Agreed -- not that I know about about Erlang in particular, but library availability, maturity, (and cost) while not a reflection of the language design itself are HUGE factors in whether or not a given project is practical in that language.
In one case, I had a guy tell me online "hire me as an Erlang consultant and then I will help you".
Pretty sure you can find an example of THAT guy in ANY community.
We rewrote this 9 months of Erlang development in 3 weeks (!) using one senior Java developer.
That can mean a lot of things really. For example, a rewrite hot off the tail of the original project benefits from the fact that all the requirements, data model, information flow, features etc are actually pinned down. You jump straight to the implementation phase, and can do it all in one programming iteration -- no meetings, no feature creep, no discovery of unspecified requirements, no backtracking...
Essentially its the perfect project, a good developer is effectively handed a complete and accurate spec.

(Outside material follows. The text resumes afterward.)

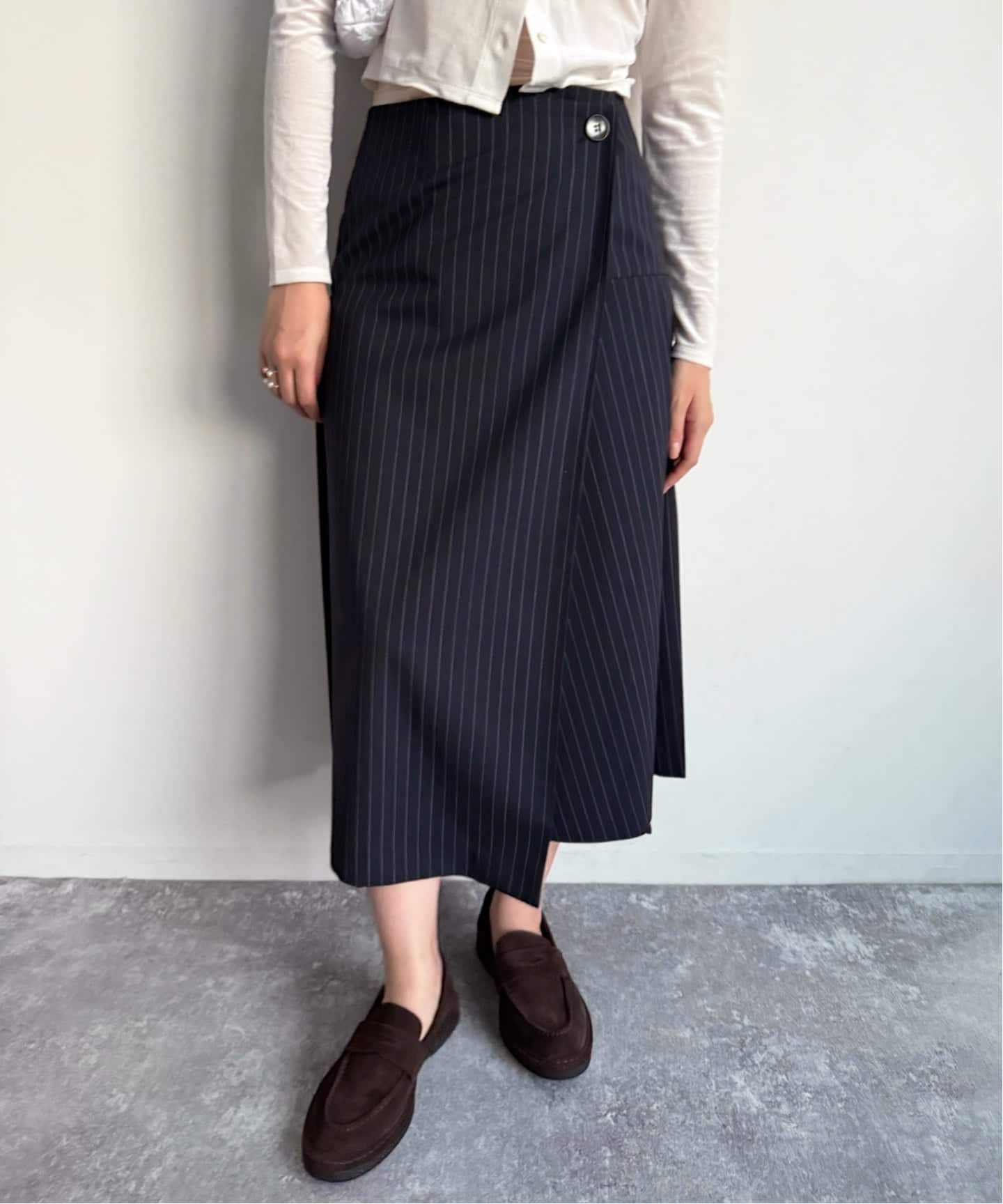 45R リネンツィード ラップスカート ネイビーピンストライプ （フリーサイズ） 45R リネンツィード ラップスカート ネイビーピンストライプ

Everything is immutable is beautiful for fairy tales, but not for real-life software (trying building a DOM in a language which is 100% immutable).
Yeah, its a paradigm shift... but I'm skeptical that its really that difficult. As I said, I don't know Erlang ... but I recall the first time I dipped my hand into lisp and it was like trying to make water run uphill until it just clicked and I was correctly thinking in terms of recursion and things that seemed mind bogglingly complicated to do in lisp suddenly became simple.